A presidente Dilma Rousseff, definitivamente, deve estar vivendo num realidade paralela. Eu, hein, Antonioni! Em encontro com parlamentares da base aliada, ela fez uma daquelas declarações que costumo classificar de “estupefacientes”. Afirmou que o país “não aguentará” uma eventual derrubada, pelo Congresso, dos vetos que ela eventualmente fizer à chamada “pauta-bomba”. Ah, não?
E então o quê?
Quando um país não aguenta alguma coisa, presidente, ele fecha, migra de continente ou dança um tango argentino, para citar Manuel Bandeira?
Segundo os deputados, o principal “temor” da governanta é que o Congresso derrube seu veto ao reajuste médio de 59,5% para o Judiciário. Eu, no lugar dela, também vetaria, mas jamais diria que o país não iria aguentar a derrubada. Países, infelizmente, sempre aguentam. Não fecham. O Haiti é a prova. Se preciso, basta exportar alguns tantos para um Brasil qualquer…
Mais: eu sempre fui contra esses aumentos destrambelhados. Em 2002, último ano do governo FHC e aquele em que o PT venceu a eleição, o partido cobrava um reajuste para o funcionalismo na casa dos 70%. Em 2003, no primeiro ano de sua gestão, os petistas concederam um reajuste à categoria de 0,1%. Sem greves.
O governo também pretende vetar as alternativas ao fim do fator previdenciário e a medida que estende a todos os aposentados, independentemente de faixa, o reajuste do salário mínimo. EU TAMBÉM VETARIA, ORA ESSA! Mas eu não sou petista! Nunca ninguém me viu aqui a propor bondades com o chapéu alheio. Eu tenho legitimidade para defender o veto; Dilma, definitivamente, não tem.
Não obstante, ela vem acenar com o fim do país?
Ora, dobre a sua língua, minha senhora! Sim, eu estou entre aqueles que defendem que as oposições, por princípio, têm de ser responsáveis e não podem propor medidas que atentem contra o caixa, o Orçamento, a matemática, a lógica e as futuras gerações.
Mas esperem aí: essa é uma obrigação minha? Como indivíduo, não é. Como indivíduo, eu tenho o direito de pensar as soluções mais cretinas. Mas nós estamos falando aqui de saídas que dizem respeito ao país, à coletividade.
Muito bem, dona Dilma! As oposições não poderiam advogar saídas exóticas. Mas e o governo? Dilma só se lembrou agora, onze meses depois da eleição, que alguém sempre paga a conta das generosidades do governo, que generosidades não são, porque têm um custo? Foi o PT que nos ensinou que o caixa público não tem fundo.

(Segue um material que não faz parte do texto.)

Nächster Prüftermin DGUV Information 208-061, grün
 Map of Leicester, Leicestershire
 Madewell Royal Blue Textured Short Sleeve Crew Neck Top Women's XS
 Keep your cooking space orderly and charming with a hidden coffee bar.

Qual é o nome do filme que a presidente quer nos impor? “Blow up, Depois Daquela Dilma”, para lembrar um clássico dos anos 1960, de Michelangelo Antonioni? Desta vez, toda a complexidade do diretor italiano será reduzida à mediocridade de quem é incapaz de cumprir um acordo com o grande capital e com o miserável da esquina? No fim das contas, tudo explode na irresolução? Vejam o filme. Antonioni, naqueles loucos anos 60, abria uma vereda para o novo. Dilma só nos aponta o caminho do velho.

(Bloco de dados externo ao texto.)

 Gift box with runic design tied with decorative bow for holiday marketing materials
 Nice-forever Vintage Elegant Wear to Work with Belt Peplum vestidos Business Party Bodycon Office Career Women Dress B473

Ah, o país não aguentará, presidente? O que a senhora sugere se sua vontade não se fizer? Suicídio coletivo? Mudança de continente? Três ave-marias?
Tenho um amigo que usa Antonioni como um misto de adjetivo e advérbio. Quando algo lhe parece muito complicado, muito enrolado, transitando nas zonas cinzentas da significação, ele dispara: “Isso é muito Antonioni pra mim”. Com essa expressão, ele quer dizer: “Não entendi porra nenhuma!”. Quando Dilma afirma que o país não aguentará a derrubada dos seus vetos, afirmo: “Isso é muito Antonioni pra mim”.